SOME USEFUL SAS
PROCEDURES
Part 2
Objective : This post is a sequel to my first
post on procedures where I highlighted some underutilized procedures. The
objective of this post is to the readers basic understanding of the
capabilities of some underutilized and some common procedures which can be of
great help in day to day programming. The objective is not to give exhaustive
knowledge about these procedures but to attract readers’ attention to these
procs by interesting examples.
Procedures:
The SORT Procedure:
This procedure I guess everyone knows and uses but I
think you read on further and most probably you’ll find something interesting. The
SORT procedure orders SAS data set observations by the values of one or more
character or numeric variables. The SORT procedure either replaces the original
data set or creates a new data set.
Syntax :
PROC SORT <collating-sequence-option>
<other option(s)>;
BY <DESCENDING>
variable-1 <…<DESCENDING> variable-n>;
Example:
proc sort data=employee;
by idnumber;
run;
I included this procedure to give stress on 4
options which are generally asked in lot of interviews so you should know it.
1) DUPOUT=
: This option creates a new datasets which will contain the observations
deleted by nodupkey or noduprecs, so you can review those later.
2) NODUPKEY
: This option deletes observation based on duplicate values of variables
provided in by statement.
3) NOUPRECS
/ NODUP :- This less known option deletes an observation only when values for
all the variables match and not just for by variables.
4) TAGSORT
:- This option reduces the need for temporary disk space as it only stores the
keys while sorting instead of the complete observation. This can be used when
you have a huge dataset and not much disk space avalaible, using this can save
you from OUT OF DISK SPACE error.
The PRINT Procedure:
The print procedure like proc sort is also one of
the most used procedures. But there are lot of options and functionality in
print procedure which are unknown to most and get underutilized; I’ll be
listing those below. BASE SAS PROCDURES GUIDE has a 72 page chapter dedicated
to it so after all this can’t be such naïve procedure as we use it.

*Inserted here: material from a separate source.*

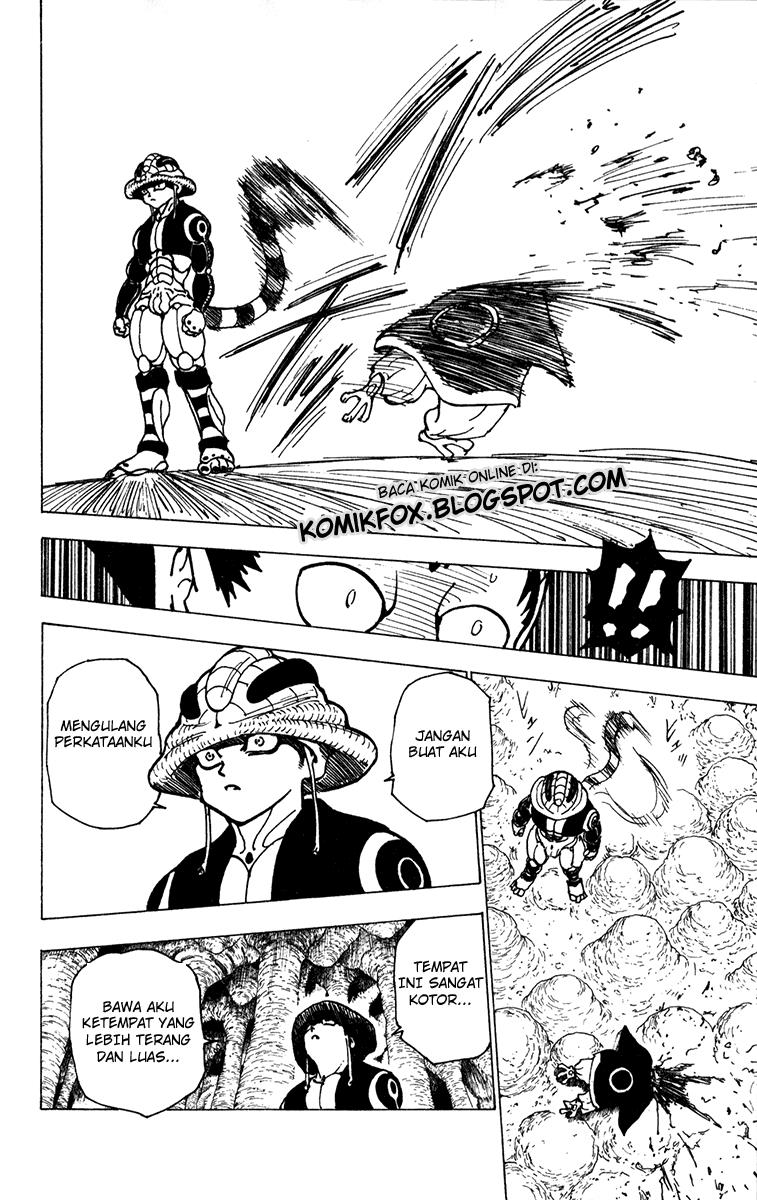 Hunter x Hunter Chapter 213 Gambar 4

The PRINT procedure prints
the observations in a SAS data set, using all or some of the variables. You can
create a variety of reports ranging from a simple listing to a highly
customized report that groups he data and
calculates totals and subtotals for numeric variables.
Syntax :
PROC PRINT <option(s)>;
BY <DESCENDING> variable-1 <…<DESCENDING>
variable-n><NOTSORTED>;
PAGEBY BY-variable;
SUMBY BY-variable;
ID variable(s) <option>;
SUM variable(s) <option>;
VAR variable(s)
<option>;
RUN;
SUM
– The sum statement gives totals for numeric values.
SUMBY
- Limits the number of sums that appear in the report. The BY-variable
identifies a variable that appears in the BY statement in the PROC PRINT step.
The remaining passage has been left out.